Here’s a bold statement: Australia’s tax system might be quietly favoring the wealthy at the expense of everyday workers, and it’s sparking a heated debate. But here’s where it gets controversial—the Australian Council of Trade Unions (ACTU) is arguing that a tax discount meant to benefit investors is actually pricing hardworking Australians out of the housing market. Sounds unfair, right? Let’s break it down.
The ACTU, Australia’s leading union body, has taken its case to a federal Senate inquiry, claiming that the current 50% capital gains tax (CGT) discount for property investors is creating an uneven playing field. According to ACTU President Michele O'Neil, this policy ‘privileges professional landlords and hurts working Australians who are struggling to achieve home ownership.’ She adds, ‘Our tax system should reward work, not just wealth.’
And this is the part most people miss—the CGT discount isn’t just a small perk; it’s become a tool for the very rich to minimize their taxes by investing in property. The ACTU proposes slashing this discount from 50% to 25%, arguing it would level the field for first-time homebuyers competing against deep-pocketed investors. Imagine a young couple finally being able to outbid a landlord for their dream home—that’s the vision.
But why does this matter now more than ever? Rising rents and skyrocketing house prices are outpacing what many workers can save. O’Neil points out, ‘Too many workers are forced into long, expensive commutes because they can’t afford to live near their jobs. That’s time they could be spending with their families.’ The ACTU also wants to restrict negative gearing tax breaks to just one investment property, further closing loopholes for the wealthy.
The numbers are eye-opening. A report revealed that 24,000 millionaires pocketed nearly half the benefits of this tax break in 2022-23, with each gaining an average of $271,000. Oxfam Australia highlights how this policy disproportionately favors the rich, while NSW Treasury has also called for reform, citing its damaging impact on housing affordability.

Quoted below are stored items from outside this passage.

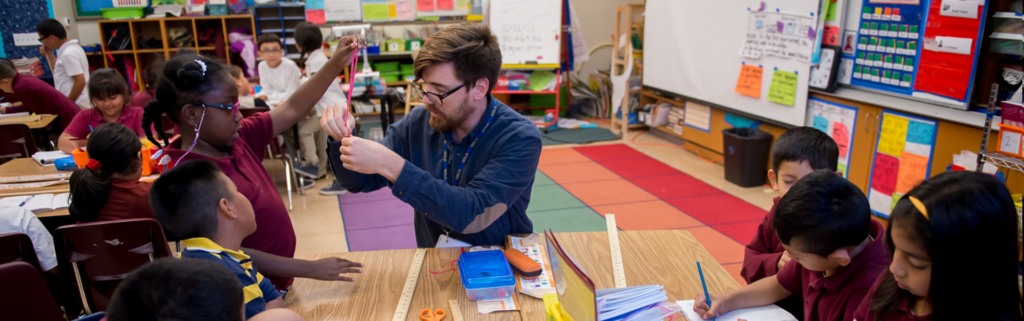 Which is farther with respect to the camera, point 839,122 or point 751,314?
point 839,122

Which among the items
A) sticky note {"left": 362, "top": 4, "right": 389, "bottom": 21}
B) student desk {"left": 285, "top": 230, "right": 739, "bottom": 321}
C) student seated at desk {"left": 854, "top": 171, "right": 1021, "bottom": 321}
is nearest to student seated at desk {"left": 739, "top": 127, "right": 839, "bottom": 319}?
student desk {"left": 285, "top": 230, "right": 739, "bottom": 321}

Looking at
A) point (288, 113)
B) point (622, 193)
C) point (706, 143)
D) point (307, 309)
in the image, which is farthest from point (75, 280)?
point (706, 143)

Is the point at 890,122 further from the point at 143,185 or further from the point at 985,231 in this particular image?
the point at 143,185

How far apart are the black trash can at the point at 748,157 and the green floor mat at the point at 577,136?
5.72ft

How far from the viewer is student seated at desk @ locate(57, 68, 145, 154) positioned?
333 centimetres

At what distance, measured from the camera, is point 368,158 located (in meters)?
1.42

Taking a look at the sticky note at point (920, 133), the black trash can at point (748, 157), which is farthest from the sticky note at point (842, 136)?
the black trash can at point (748, 157)

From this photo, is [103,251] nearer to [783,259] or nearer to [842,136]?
[783,259]

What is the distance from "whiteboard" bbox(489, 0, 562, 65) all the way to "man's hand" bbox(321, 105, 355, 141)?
197 inches

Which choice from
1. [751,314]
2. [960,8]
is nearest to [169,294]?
[751,314]

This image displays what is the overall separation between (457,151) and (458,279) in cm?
39

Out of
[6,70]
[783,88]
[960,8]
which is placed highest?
[960,8]

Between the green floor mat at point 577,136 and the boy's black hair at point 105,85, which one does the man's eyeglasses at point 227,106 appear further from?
the green floor mat at point 577,136

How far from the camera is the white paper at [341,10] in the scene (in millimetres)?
7199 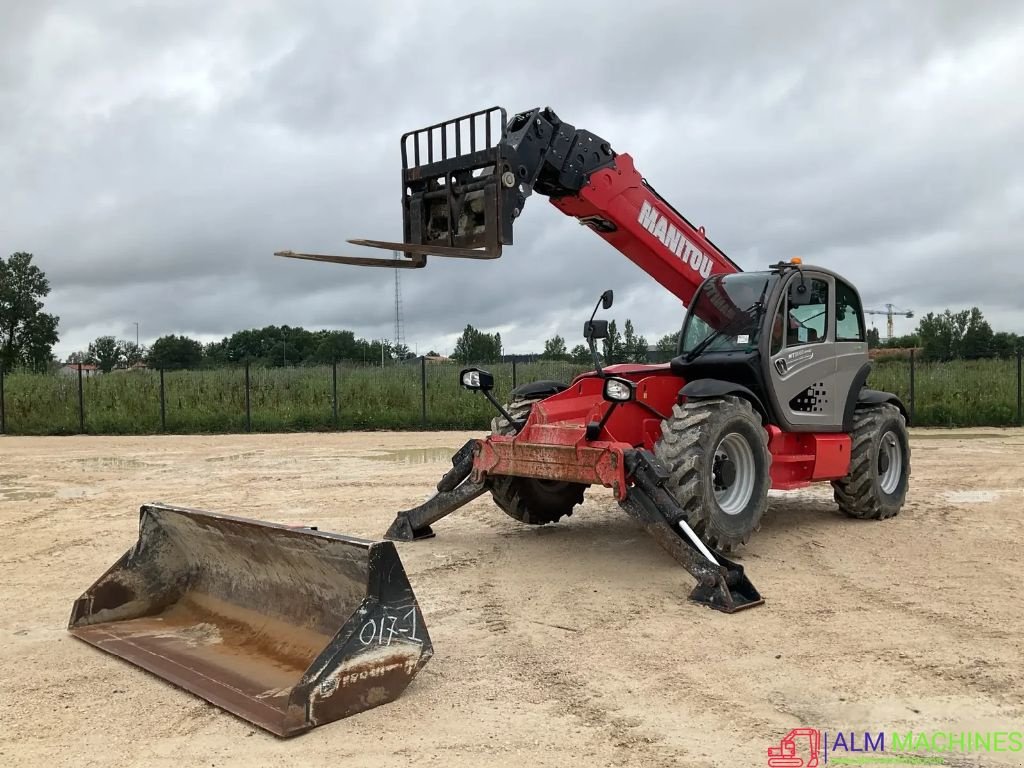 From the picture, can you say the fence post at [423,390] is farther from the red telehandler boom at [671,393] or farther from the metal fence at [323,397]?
the red telehandler boom at [671,393]

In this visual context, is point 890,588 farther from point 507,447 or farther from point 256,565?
point 256,565

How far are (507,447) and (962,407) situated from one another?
57.9 ft

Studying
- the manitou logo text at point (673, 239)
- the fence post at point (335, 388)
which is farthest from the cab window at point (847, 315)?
the fence post at point (335, 388)

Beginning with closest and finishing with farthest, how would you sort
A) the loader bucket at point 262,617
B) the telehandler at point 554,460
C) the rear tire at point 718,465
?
the loader bucket at point 262,617, the telehandler at point 554,460, the rear tire at point 718,465

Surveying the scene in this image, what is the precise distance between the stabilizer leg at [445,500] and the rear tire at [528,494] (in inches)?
10.5

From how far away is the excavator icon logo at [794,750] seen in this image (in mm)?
3475

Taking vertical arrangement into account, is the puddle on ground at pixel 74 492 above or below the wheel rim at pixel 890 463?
below

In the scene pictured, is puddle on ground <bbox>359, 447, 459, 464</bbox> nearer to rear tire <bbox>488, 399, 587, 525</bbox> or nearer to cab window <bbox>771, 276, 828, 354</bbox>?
rear tire <bbox>488, 399, 587, 525</bbox>

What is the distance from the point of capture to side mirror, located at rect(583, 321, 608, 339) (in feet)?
23.0

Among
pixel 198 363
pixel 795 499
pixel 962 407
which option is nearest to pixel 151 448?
pixel 198 363

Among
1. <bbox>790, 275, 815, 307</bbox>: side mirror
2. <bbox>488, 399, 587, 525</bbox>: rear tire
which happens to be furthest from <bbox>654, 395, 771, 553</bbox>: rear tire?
<bbox>488, 399, 587, 525</bbox>: rear tire

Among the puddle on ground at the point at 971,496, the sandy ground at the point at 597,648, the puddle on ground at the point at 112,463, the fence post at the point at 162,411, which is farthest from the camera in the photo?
the fence post at the point at 162,411

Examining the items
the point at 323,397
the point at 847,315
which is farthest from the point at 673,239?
the point at 323,397

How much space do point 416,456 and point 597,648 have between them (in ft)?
33.1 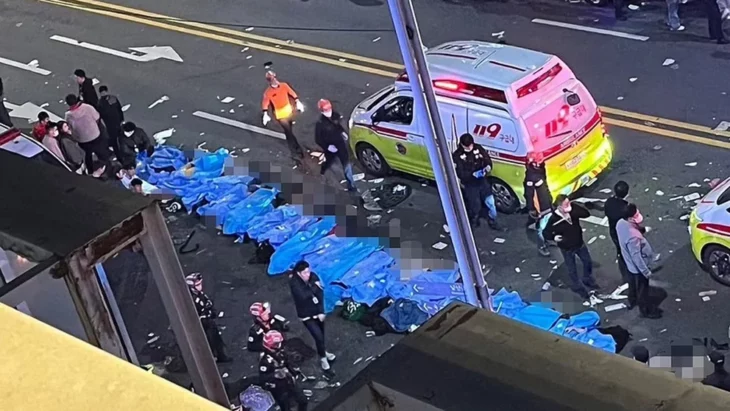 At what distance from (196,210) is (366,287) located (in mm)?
2776

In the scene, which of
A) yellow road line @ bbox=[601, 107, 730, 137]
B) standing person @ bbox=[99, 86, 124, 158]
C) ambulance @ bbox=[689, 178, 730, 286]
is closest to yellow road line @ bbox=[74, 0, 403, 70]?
yellow road line @ bbox=[601, 107, 730, 137]

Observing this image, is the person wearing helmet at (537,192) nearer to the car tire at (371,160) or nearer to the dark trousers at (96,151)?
the car tire at (371,160)

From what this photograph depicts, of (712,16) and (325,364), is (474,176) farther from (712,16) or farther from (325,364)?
(712,16)

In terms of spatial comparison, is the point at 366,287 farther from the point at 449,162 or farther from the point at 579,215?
the point at 449,162

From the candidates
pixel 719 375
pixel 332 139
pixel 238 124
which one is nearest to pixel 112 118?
pixel 238 124

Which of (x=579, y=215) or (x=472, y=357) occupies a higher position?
(x=472, y=357)

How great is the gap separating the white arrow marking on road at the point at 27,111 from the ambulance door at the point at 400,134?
199 inches

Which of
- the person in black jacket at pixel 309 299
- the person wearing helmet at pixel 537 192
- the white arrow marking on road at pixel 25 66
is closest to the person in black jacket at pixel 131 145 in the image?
the white arrow marking on road at pixel 25 66

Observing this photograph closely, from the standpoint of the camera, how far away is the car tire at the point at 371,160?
39.2 feet

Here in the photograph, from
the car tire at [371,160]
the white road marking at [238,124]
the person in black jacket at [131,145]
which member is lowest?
the car tire at [371,160]

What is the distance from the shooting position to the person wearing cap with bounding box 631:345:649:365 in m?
8.20

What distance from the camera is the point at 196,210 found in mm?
11719

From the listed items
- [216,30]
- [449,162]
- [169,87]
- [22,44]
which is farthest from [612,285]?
[22,44]

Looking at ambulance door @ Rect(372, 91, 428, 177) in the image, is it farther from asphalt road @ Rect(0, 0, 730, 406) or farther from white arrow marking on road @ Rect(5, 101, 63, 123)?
white arrow marking on road @ Rect(5, 101, 63, 123) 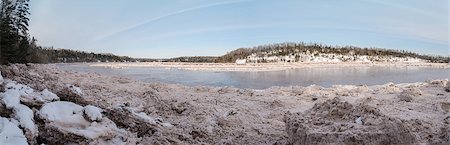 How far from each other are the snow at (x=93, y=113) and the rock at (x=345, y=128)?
2944mm

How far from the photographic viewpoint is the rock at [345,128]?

Greens Senator Nick McKim, leading the Senate inquiry, didn’t hold back, calling the CGT discount ‘the most unfair tax rort in the country.’ But here’s the question that’ll get you thinking—is this tax break a necessary incentive for investment, or is it a system rigged against the average worker? Let’s hear your thoughts in the comments. Are you for or against scaling back these concessions? The debate is far from over, and your voice matters.